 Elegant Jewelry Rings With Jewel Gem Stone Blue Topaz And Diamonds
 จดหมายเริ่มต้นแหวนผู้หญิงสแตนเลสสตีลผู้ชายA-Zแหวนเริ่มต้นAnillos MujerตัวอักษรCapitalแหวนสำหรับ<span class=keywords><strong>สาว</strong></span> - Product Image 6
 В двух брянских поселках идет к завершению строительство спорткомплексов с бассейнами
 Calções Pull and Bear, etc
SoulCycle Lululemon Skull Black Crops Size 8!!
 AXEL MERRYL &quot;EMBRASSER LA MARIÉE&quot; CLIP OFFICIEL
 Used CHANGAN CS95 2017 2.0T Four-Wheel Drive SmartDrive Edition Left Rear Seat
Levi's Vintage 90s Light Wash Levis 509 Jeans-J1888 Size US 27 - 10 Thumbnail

*-*-*

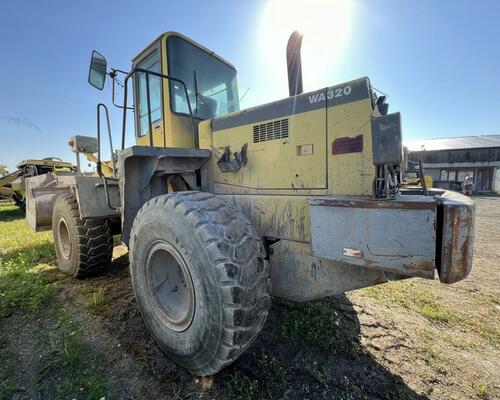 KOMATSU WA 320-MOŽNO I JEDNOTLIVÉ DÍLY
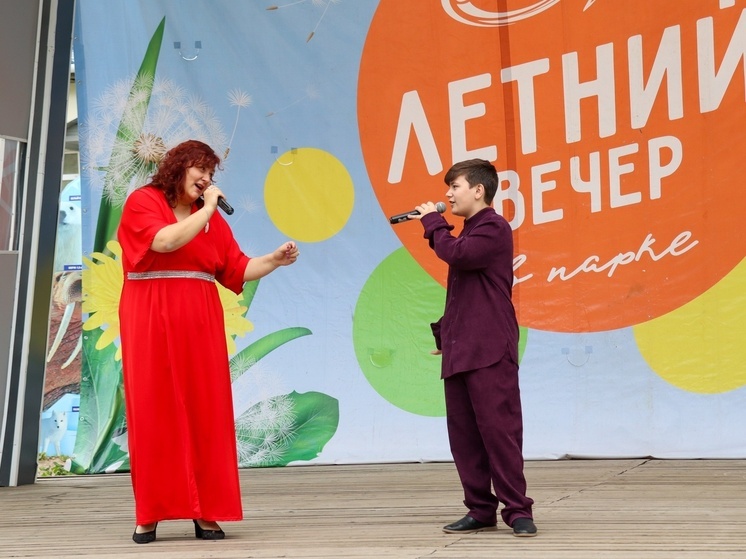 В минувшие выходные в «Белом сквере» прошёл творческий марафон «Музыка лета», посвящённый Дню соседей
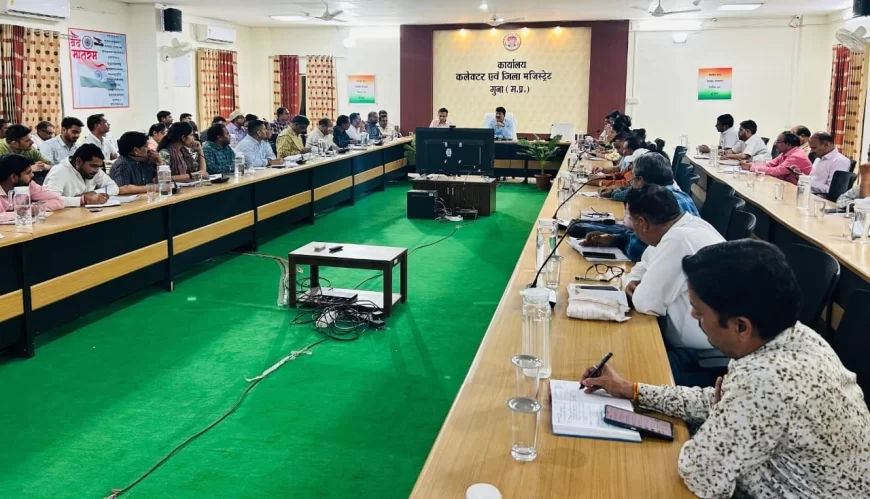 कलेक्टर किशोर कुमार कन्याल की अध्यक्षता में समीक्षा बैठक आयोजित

*-*-*

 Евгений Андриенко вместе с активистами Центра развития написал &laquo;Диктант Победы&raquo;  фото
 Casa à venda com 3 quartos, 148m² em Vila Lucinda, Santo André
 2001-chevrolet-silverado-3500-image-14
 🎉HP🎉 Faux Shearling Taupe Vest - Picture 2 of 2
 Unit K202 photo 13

*-*-*

### ABOUT THIS TASK
Nothing but the lines above, starting at the line that contains "KOMATSU WA 320-MOŽNO I JEDNOTLIVÉ DÍLY" and ending at the line that contains "कलेक्टर किशोर कुमार", should be given again, exactly and without the pictures.

### COMPLETED TASK
 KOMATSU WA 320-MOŽNO I JEDNOTLIVÉ DÍLY
 В минувшие выходные в «Белом сквере» прошёл творческий марафон «Музыка лета», посвящённый Дню соседей
 कलेक्टर किशोर कुमार कन्याल की अध्यक्षता में समीक्षा बैठक आयोजित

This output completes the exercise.